The three white men accused of killing black Charlottesville Uber driver Rashad Owens were overheard by a police officer laughing about the case just days after Owens was fatally shot while on his way home from dinner, according to an affidavit filed this week.
Tyler O’Dell, John Randolph and Julius Walker were charged with murder and use of a firearm in the commission of a felony for Owens’ shooting death after a police chase around 2 a.m. on Saturday, the Charlottesville Police Department said in a statement on Saturday.
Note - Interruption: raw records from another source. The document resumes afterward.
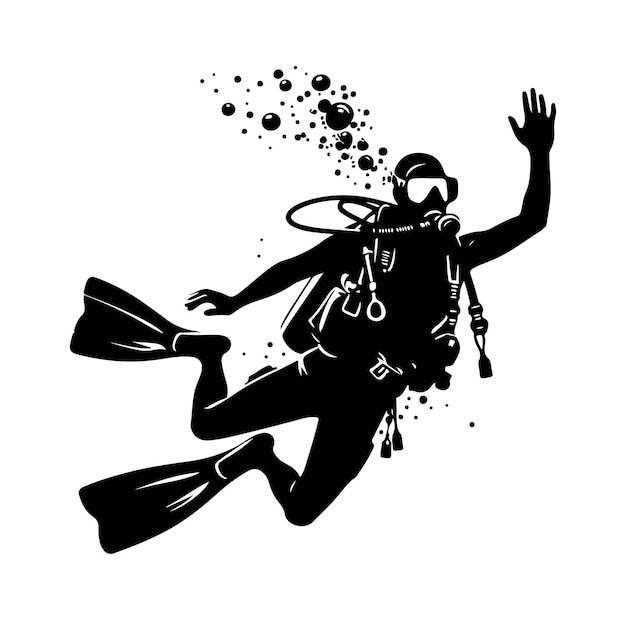 Scuba diver silhouettes diving silhouettes vector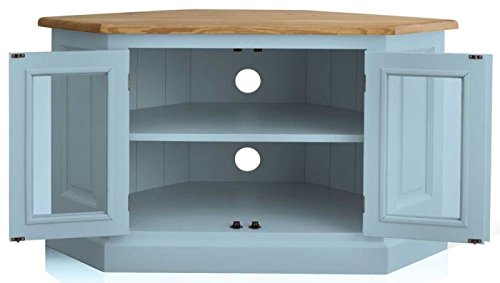 Image of APRODZ Mango Wood Borgia TV Stand Entertainment Unit for Living Room | Blue Finish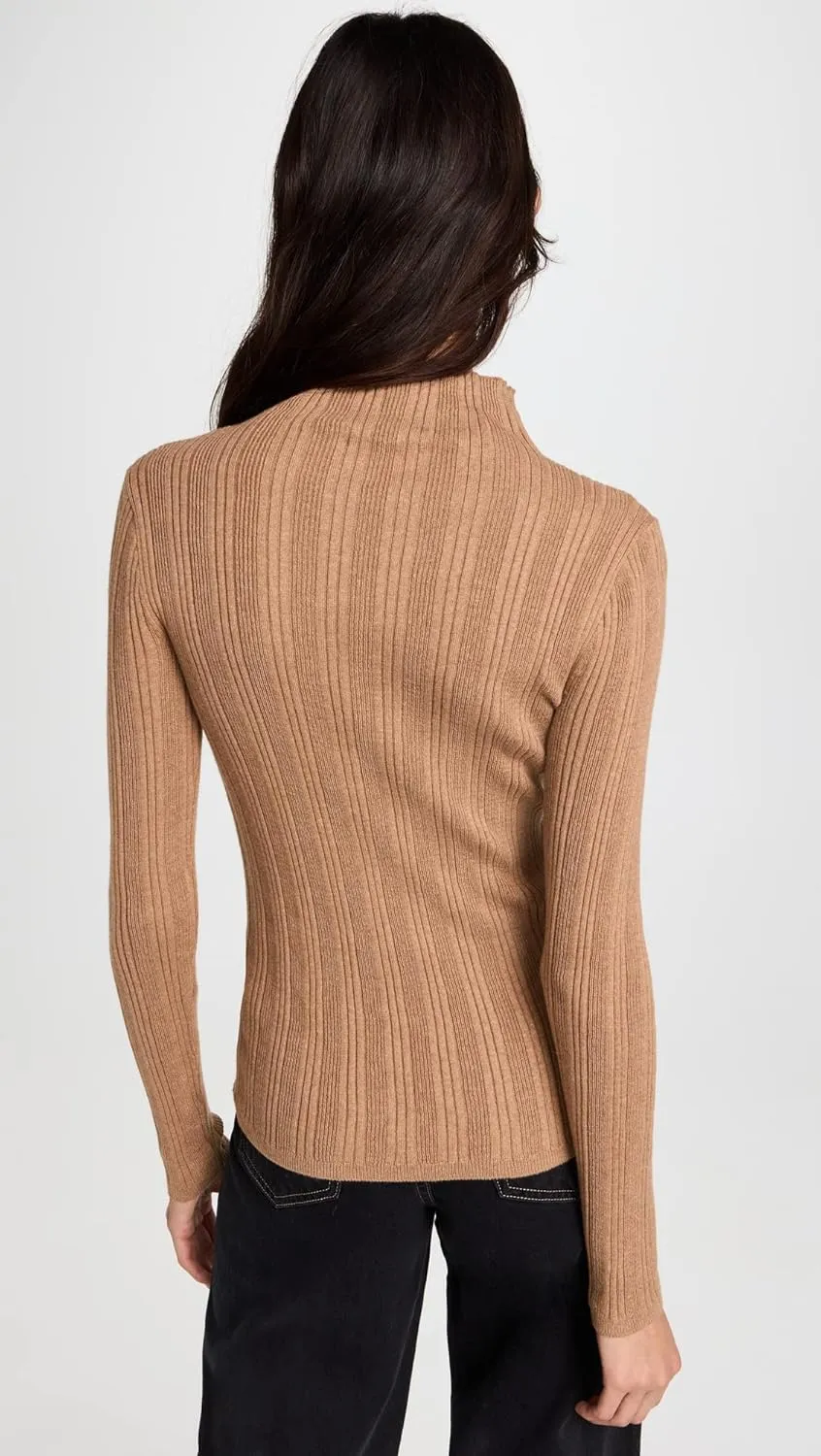 Madewell Leaton Mockneck Pullover Sweater for Women - Stand Collar with Long Sleeves and Cropped Length, Chic and Warm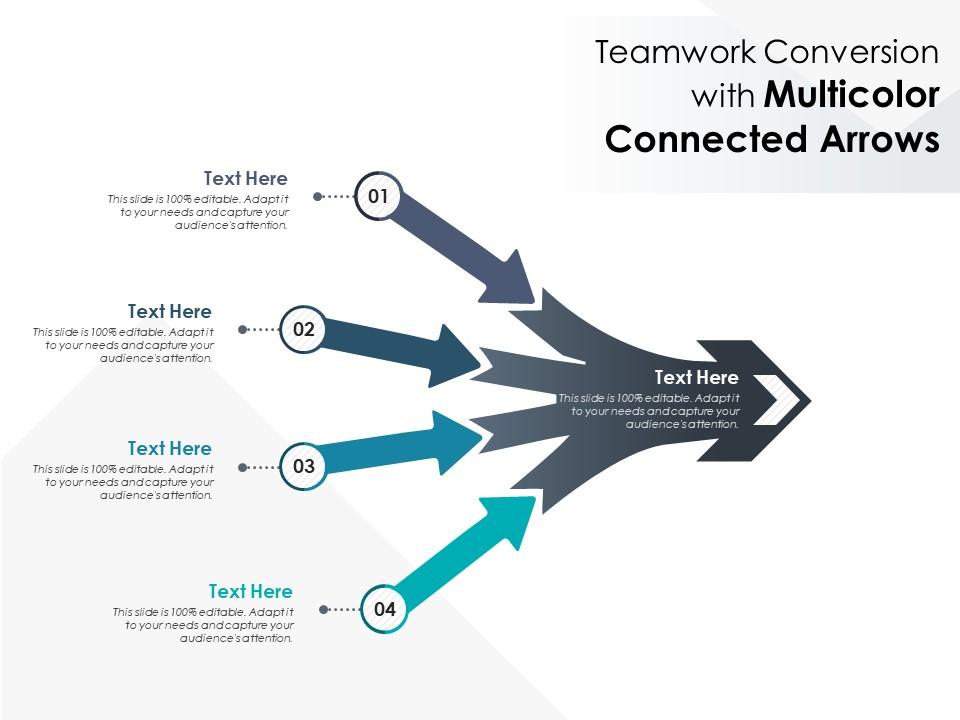 Teamwork conversion with multicolor connected arrows Slide01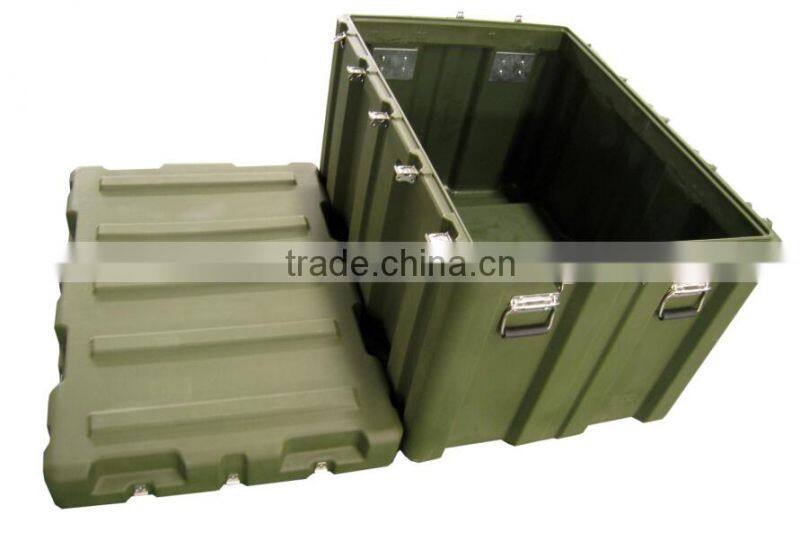 467L big rotomoulded plastic military carrying case, with stainless steel handles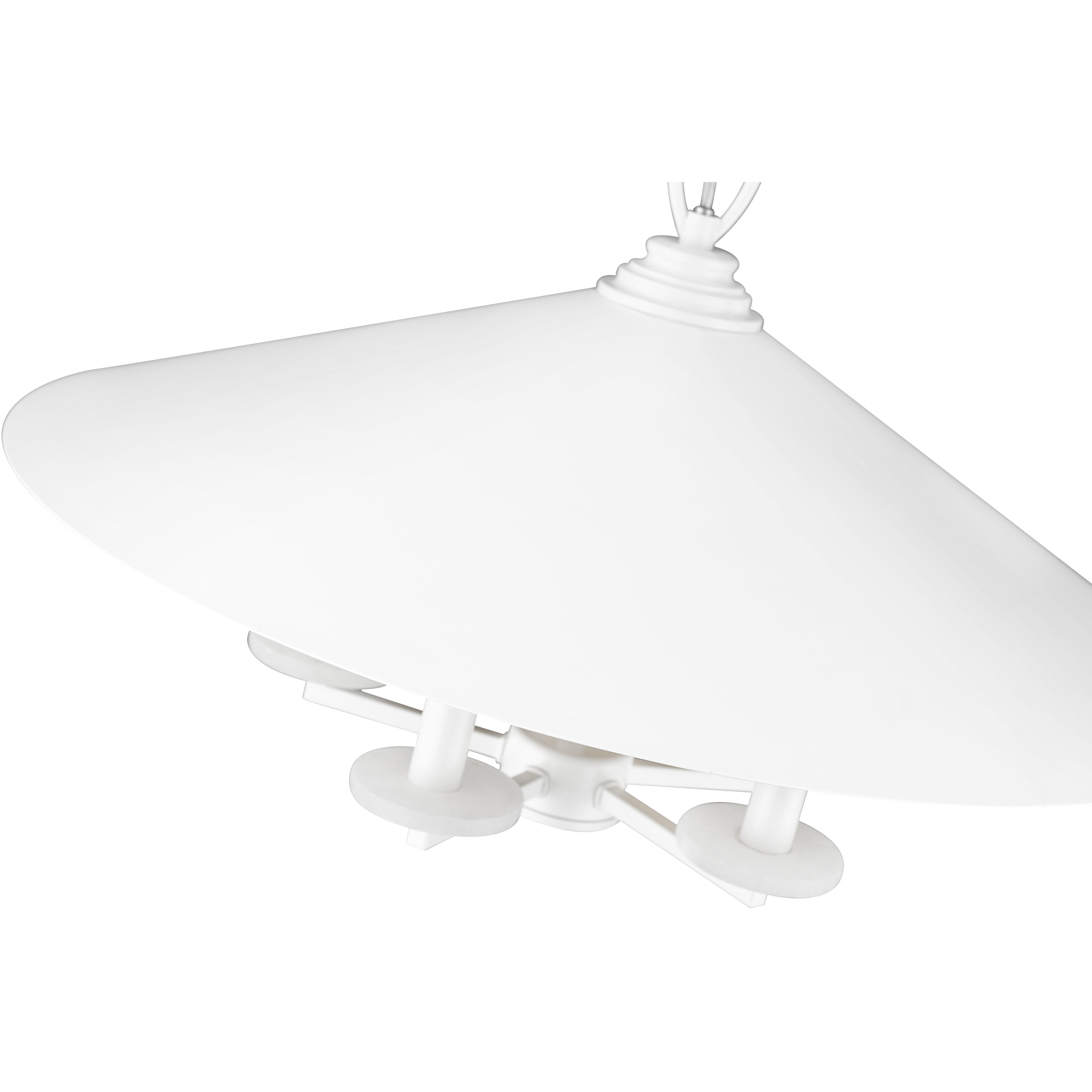 Rialto 5 Light 22 inch Matte White Pendant Ceiling Light in Matte White Outer,  Signature Rubbed Brass Inner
According to the affidavit, O’Dell was driving while Randolph and Walker were riding on the passenger side of his vehicle, both laughing about the case. During the following minutes, O’Dell turned into his driveway from the street, unaware of the investigation, the affidavit said. As he turned, Randolph shouted out, “Don’t go” and “He’s trying to run from us.” Randolph began to pat O’Dell on the back. Afterward, Randolph yelled, “They killed a black man,” the affidavit said.
Both Randolph and Walker shouted out racist statements to O’Dell after the incident, the affidavit said. Walker “emphasized how the assailants killed a black man because he was black.” Randolph also said, “White people killing white people,” according to the affidavit. Randolph and Walker also claimed Owens was stealing from them, and Randolph shouted, “Would you rather have a black man in your back seat stealing and pissing all over the place or would you rather have white people getting beat up in the back seat of your car?”
Police were not immediately able to identify which police officer heard the comments.
Walker was released without bond on Thursday, the Charlottesville City Jail said. Randolph was ordered held without bond after a hearing on Friday. O’Dell was also ordered held without bond.
Chandler “Sasa” Andrews, a 22-year-old white woman, was also jailed this week for allegedly giving Brandon Jenkins, 27, a ride to the scene where Owens was killed, Fairfax County Commonwealth’s Attorney Raymond Morrogh said on Thursday.
Owens died of a gunshot wound to the neck as he walked home from dinner, according to police. Christopher Steele, an Uber driver who saw Owens during the ride, said Owens was shot while kneeling on the side of the road. Another Uber driver, Shaun King, who said the suspect’s ride was two black males, arrived to help and tried to apply pressure to Owens’ wound, King wrote in a Facebook post.
The three men arrested were previously arrested in a separate incident over alcohol and drugs but had been set free by a judge. Morrogh said he believed that those two arrests were “linked” to the killing. A review of the case will be conducted by the Charlottesville Commonwealth’s Attorney’s Office and the Albemarle-Charlottesville-Rockingham Sheriff’s Office, according to the Charlottesville police statement.
Morrogh was elected to his position in November and had served as a member of the Commonwealth’s Attorney for Albemarle County since 2001.
Morrogh said he was particularly troubled that Durham “included racial overtones and racial commentary in this incident.”
Owens, who was 43, grew up in Vienna, Virginia, and was the son of her parents and sister. He was single and worked at a shelter where he specialized in finding shelter for those struggling with domestic violence. After marrying his wife, Owens worked for the county as a part-time clerical employee and still remained close to his hometown, his Facebook page showed.
In court on Thursday, Osness’ family members wept as they listened to prosecutor Rick Webb read the charges, his sister said.
Owens was remembered by friends as a jokester, a lover of music and a workaholic who shared positive energy with others.
“I miss him so much,” his sister said. “We were supposed to spend Father’s Day together.”